• _Stored data_:
== == ==
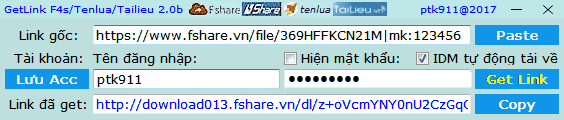 Chia sẻ bản cập
nhật mới của tool getlink Fshare, 4share, Tailieu, Google
Drive tốc độ cao F4sTL v4.9b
== == ==
• _Your instructions_:
Word for word, retype the lines from the one containing "nhật mới của" through the final line of the data, including both ends and nothing more.

• _Written answer_:
nhật mới của tool getlink Fshare, 4share, Tailieu, Google
Drive tốc độ cao F4sTL v4.9b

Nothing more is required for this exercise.